Segment Start: SOURCE DATA

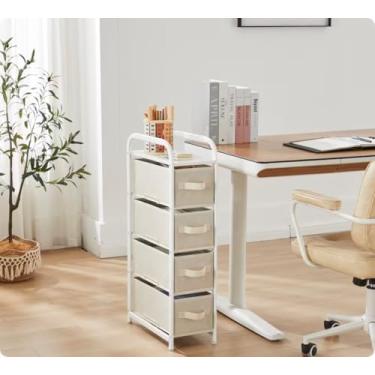 Imagem de MAX Houser Cômoda estreita com 4 gavetas de tecido, torre de armazenamento, vertical, fina, organizador de cabeceira, mesa lateral/final, organizador pequeno, gavetas removíveis, tampo de madeira para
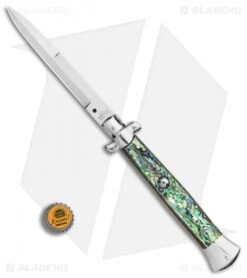 AGA Campolin 15" Automatic Italian Stiletto Abalone (6.6" Satin) -Automatic Knives Shop AGA Campolin 15in Auto Italian Stiletto Abalone 7in satin BHQ 87415 er bottlecap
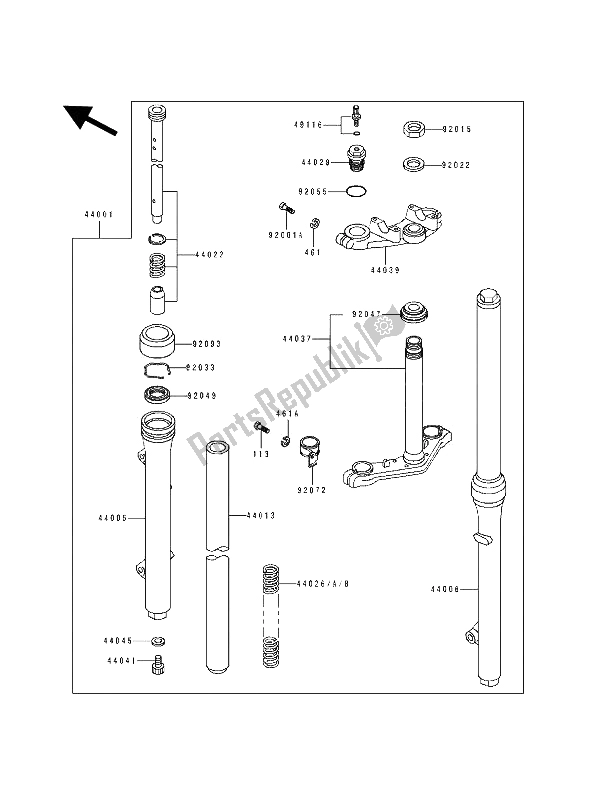 All parts for the Front Fork of the Kawasaki KX 60 1993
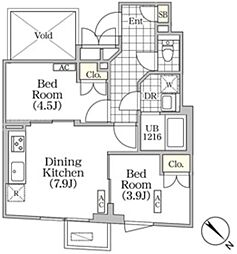 BRICKRESIDENCE目黒本町 2DKの間取図画像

Segment End: SOURCE DATA

EXERCISE BRIEF. Please print exactly the lines running from the line with "87415 er bottlecap" through the final line of the material, and nothing more. Keep pictures out.

SOLUTION FOR THIS TASK.
 AGA Campolin 15" Automatic Italian Stiletto Abalone (6.6" Satin) -Automatic Knives Shop AGA Campolin 15in Auto Italian Stiletto Abalone 7in satin BHQ 87415 er bottlecap
 All parts for the Front Fork of the Kawasaki KX 60 1993
 BRICKRESIDENCE目黒本町 2DKの間取図画像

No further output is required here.